By 10:00 p.m. the crew were on board the idling aircraft, anxiously wondering just how bad the winds would become once they entered the enormous reach of Sandy. Prior to launch, a warning light blinked, alerting them that the anti-icing element on the propellers had failed. Wes thought: Well, this isn’t the ideal way to begin a flight into a hurricane.
The pilots conferred, and Wes announced over the internal communications system that they would fly out toward Bounty at seven thousand feet but no higher, to avoid icing.
As they barreled down the runway and the aircraft climbed into the black sky, a bit of rain splattered on the windshield. Wes and Mike Myers, both wearing night-vision goggles (NVGs), guided the plane to the southeast. Usually a bit of chatter could be heard on the radio, but that night was eerily quiet.
Then an air traffic controller from Raleigh-Durham broke the silence, asking, “Hey, are you guys heading into Sandy?”
Wes responded in the affirmative.
“Well, good luck to you.”
The commander thought about how theirs was the only aircraft heading in that direction—everyone else was either sitting on the tarmac or flying the opposite way. Another system malfunction abruptly interrupted Wes’s rumination, this time the weather radar. He immediately tried to get a screen shot in the ground-mapping mode on the system, but it came up blank, causing the commander to curse to himself. Then he informed the mission system operators sitting behind him that he would be relying on them to use a different system—one Wes and Mike could not see—to assist them during flight.
They continued cruising, now over the open ocean, and Wes thought, Well, at least the malfunctions aren’t serious enough for us to abort, but there better not be any more. Not tonight.
CHAPTER NINETEEN
PROBLEMS EVERYWHERE
The entire crew on Bounty were diligently working—some individuals focusing on a single problem, others freelancing from one emergency to another as their effort was needed. There was now no orderly watch system, no organized work party, no sense of command except that within each member of the crew; their motivation was to save Bounty, to save themselves.
At nine o’clock at night, the second mate, Matt Sanders, had been in the heat and noise of the engine room since his last watch ended at four o’clock. He had gone there to keep the bilge pumps running, but instead of bringing the flooding under control, he was wrestling with various mechanical problems even as the level of the water rose.
When the starboard generator began surging and its power output fell—the port generator had stopped working long ago—it was decided that the fuel filters needed to be changed. Sanders, a tall, athletically built man, took on the job.
The filter on the starboard generator’s diesel engine was on the back side. To get to it, Sanders had to wedge himself behind the hot engine and get in a position where he could twist the filter free.
But first, the generator had to be shut down. This meant the ship had no electrical current, and except for flashlights Bounty went dark.

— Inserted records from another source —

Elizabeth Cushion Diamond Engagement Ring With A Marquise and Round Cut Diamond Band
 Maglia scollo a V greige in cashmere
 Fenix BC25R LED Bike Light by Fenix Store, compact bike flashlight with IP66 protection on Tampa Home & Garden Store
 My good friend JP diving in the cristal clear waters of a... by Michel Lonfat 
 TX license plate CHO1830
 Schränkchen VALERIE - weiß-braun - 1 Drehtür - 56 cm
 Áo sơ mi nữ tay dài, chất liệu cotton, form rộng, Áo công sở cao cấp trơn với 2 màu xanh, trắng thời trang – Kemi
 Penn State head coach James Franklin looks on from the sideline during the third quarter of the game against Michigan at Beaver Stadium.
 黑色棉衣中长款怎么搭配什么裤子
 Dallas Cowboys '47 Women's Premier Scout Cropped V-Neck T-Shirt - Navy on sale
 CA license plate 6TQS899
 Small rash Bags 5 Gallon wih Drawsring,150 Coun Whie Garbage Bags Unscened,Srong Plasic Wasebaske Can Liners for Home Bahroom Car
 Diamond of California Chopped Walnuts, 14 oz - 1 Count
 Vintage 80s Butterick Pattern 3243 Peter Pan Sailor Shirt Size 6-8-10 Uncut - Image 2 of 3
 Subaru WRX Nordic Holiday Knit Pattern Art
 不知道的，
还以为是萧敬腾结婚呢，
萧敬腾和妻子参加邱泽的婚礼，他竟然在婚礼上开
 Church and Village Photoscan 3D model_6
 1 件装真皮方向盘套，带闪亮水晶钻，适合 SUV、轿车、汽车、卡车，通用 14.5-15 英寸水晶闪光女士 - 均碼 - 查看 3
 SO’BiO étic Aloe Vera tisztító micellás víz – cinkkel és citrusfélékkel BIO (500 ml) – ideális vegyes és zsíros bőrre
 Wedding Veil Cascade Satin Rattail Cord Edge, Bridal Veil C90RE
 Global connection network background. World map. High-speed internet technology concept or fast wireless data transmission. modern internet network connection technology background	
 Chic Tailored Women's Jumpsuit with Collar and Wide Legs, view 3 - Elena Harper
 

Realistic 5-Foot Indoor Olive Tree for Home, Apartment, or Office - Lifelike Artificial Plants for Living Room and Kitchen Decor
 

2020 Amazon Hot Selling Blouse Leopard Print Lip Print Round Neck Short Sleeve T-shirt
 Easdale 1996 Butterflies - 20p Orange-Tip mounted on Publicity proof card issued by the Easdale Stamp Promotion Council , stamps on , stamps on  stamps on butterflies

The starboard propulsion engine was running well, still driving Bounty forward enough to hold it in place, hove to. That meant the portable hydraulic pump, which ran off the power takeoff shaft of that engine, could be operated, although it was only taking water from the engine room. In all the other bilge compartments, water was accumulating unchecked.
Sanders got into position and removed the old filter. Then Chief Mate Svendsen handed him a replacement filter. It took a while for Sanders to get the new filter seated properly. He had never replaced this filter in his time aboard Bounty, so the whole process may have taken up to forty minutes. Sanders lost track of time. Nor did he pay attention to the water that rose up the planking and soaked him when Bounty rolled to starboard. He was focused on his work.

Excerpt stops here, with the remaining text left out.